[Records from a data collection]
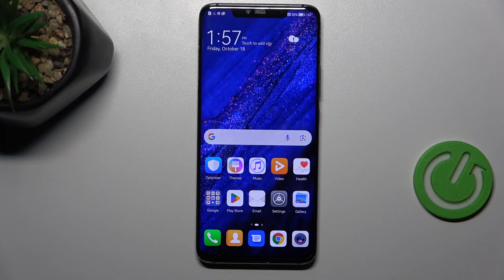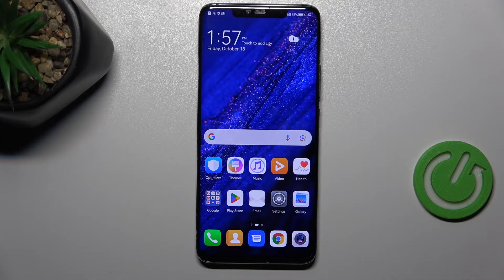Hi everyone. In front of me I've got the Huawei Mate 20 Pro, and let me share with you how to activate automatic system updates on this device.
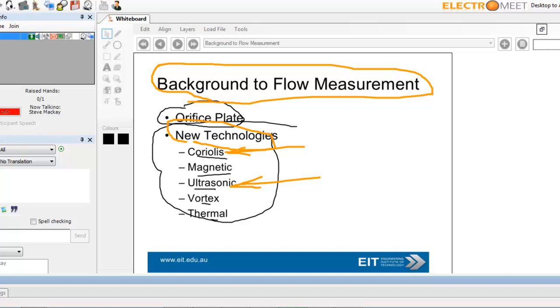Disadvantages, forget about gas or steam. It's not going to measure that. Petroleum liquids, no go because there's no conductivity. And you can get a problem with coating on your electrodes, which means they need to be maintained.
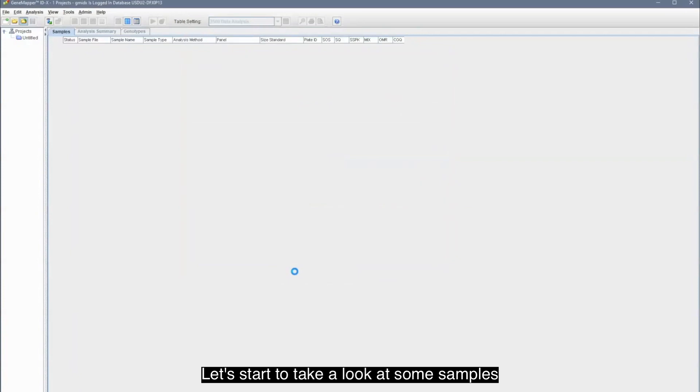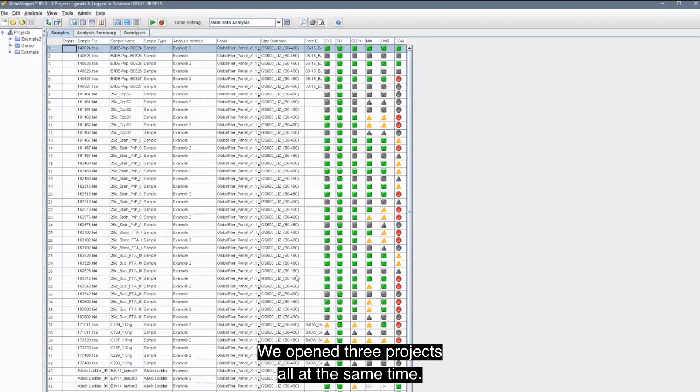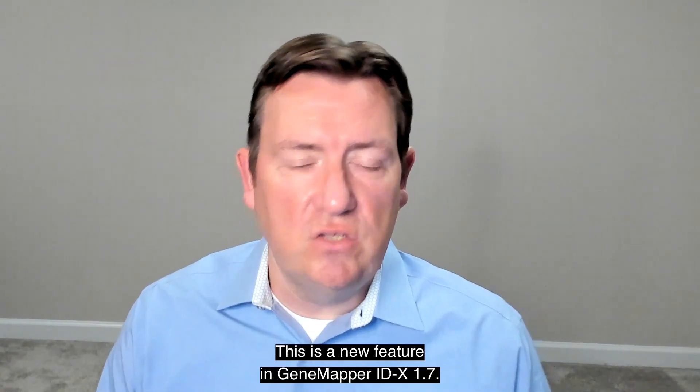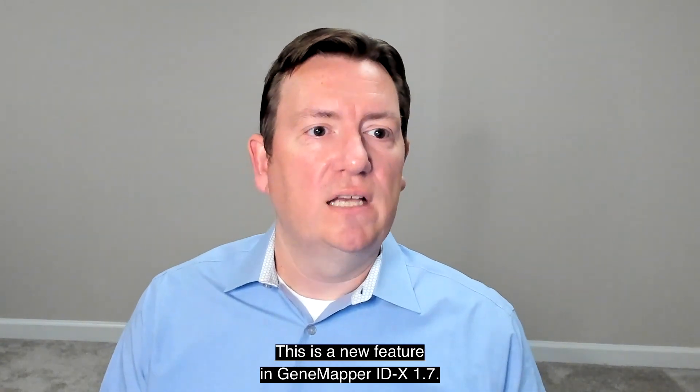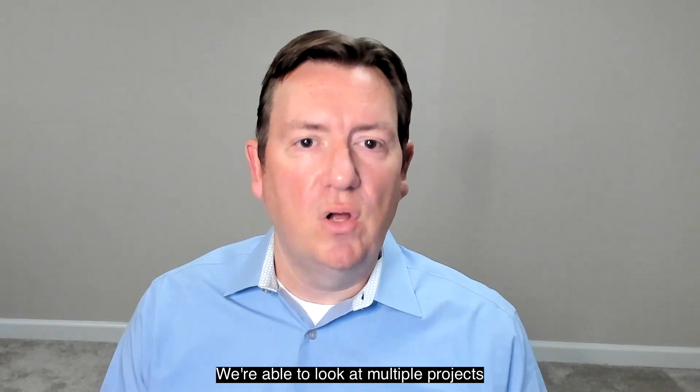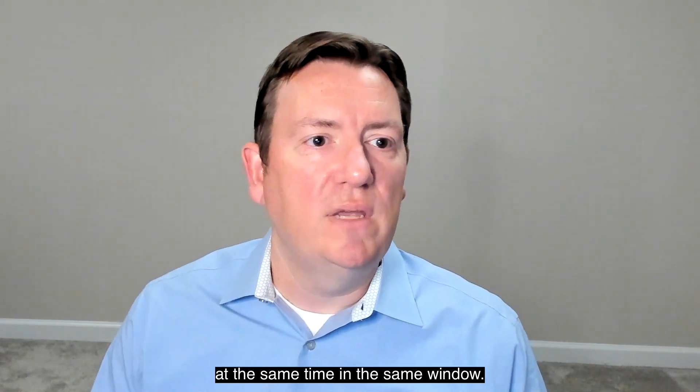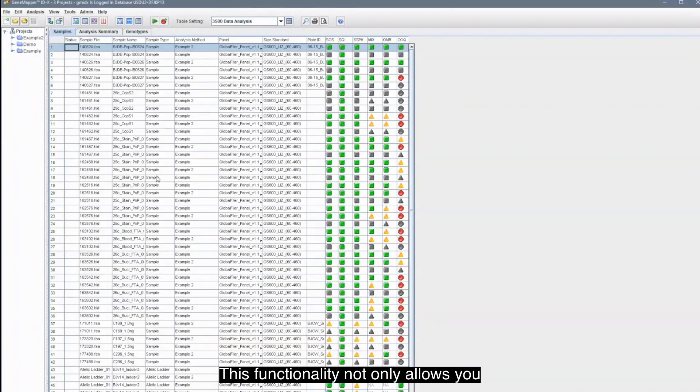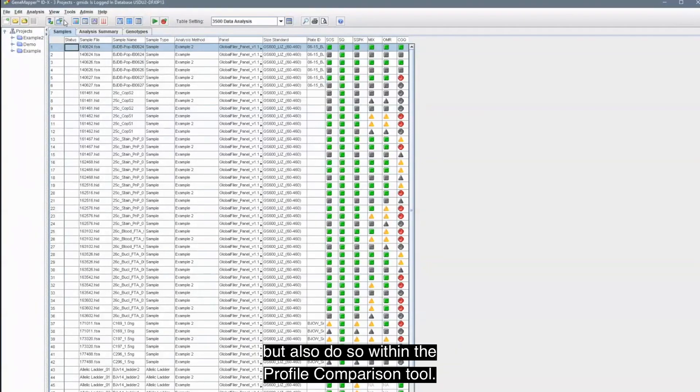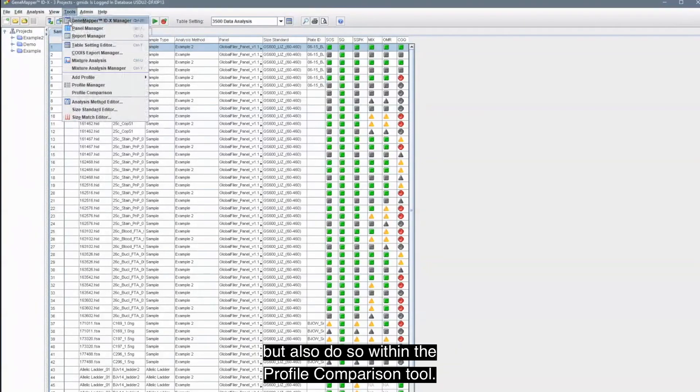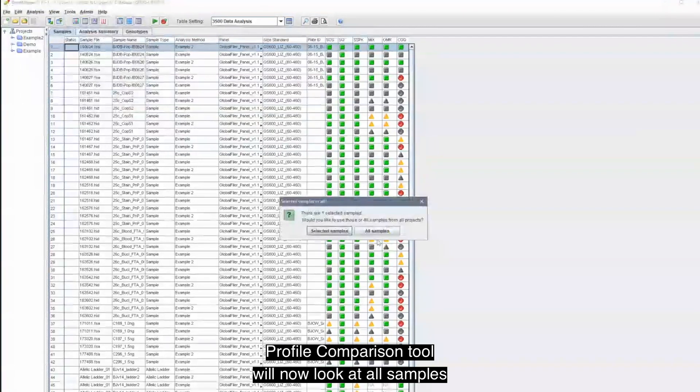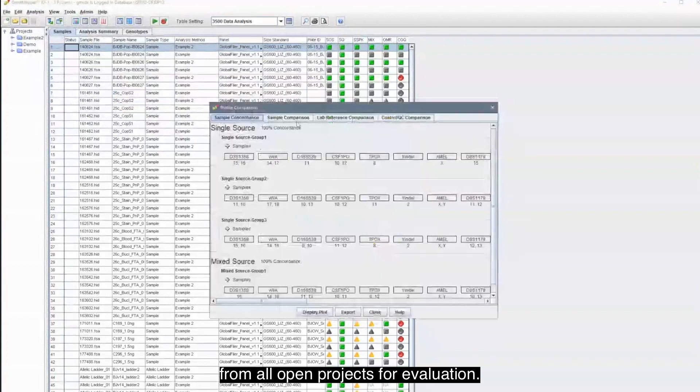Let's start to take a look at some samples within the software now. Your eyes didn't just deceive you. We opened three projects all at the same time. This is a new feature in GeneMapper IDX 1.7. We are able to look at multiple projects at the same time in the same window. This functionality not only allows you to manually compare samples across different projects, but also do so within the Profile Comparison Tool.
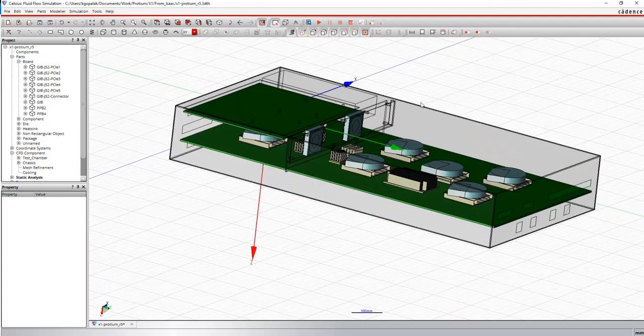Hi, in today's video we'll be looking at how we use the Celsius thermal analysis tool to do a thermal analysis on the Proteum X1 blade.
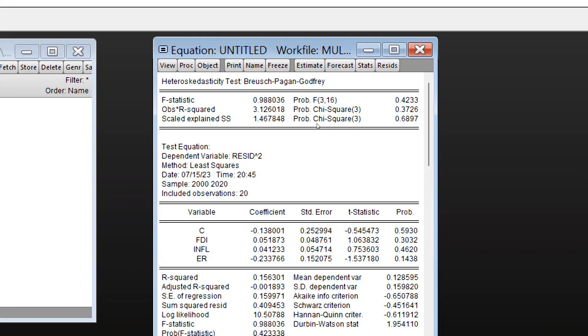If p-value is greater than 0.05, we fail to reject null hypothesis. But if p-value is less than 0.05, then we would say there is the problem of heteroscedasticity, meaning alternate hypothesis is accepted. So in this case we can see all the values are above 0.05, so we can say there is no issue of heteroscedasticity.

■ EXERCISE OBJECTIVE
The lines from the start of the records above through the line that holds "Disadvantages, forget about" are to be copied exactly, both ends included, and no pictures are to be copied.

■ FINISHED TASK
Hi everyone. In front of me I've got the Huawei Mate 20 Pro, and let me share with you how to activate automatic system updates on this device.
Disadvantages, forget about gas or steam. It's not going to measure that. Petroleum liquids, no go because there's no conductivity. And you can get a problem with coating on your electrodes, which means they need to be maintained.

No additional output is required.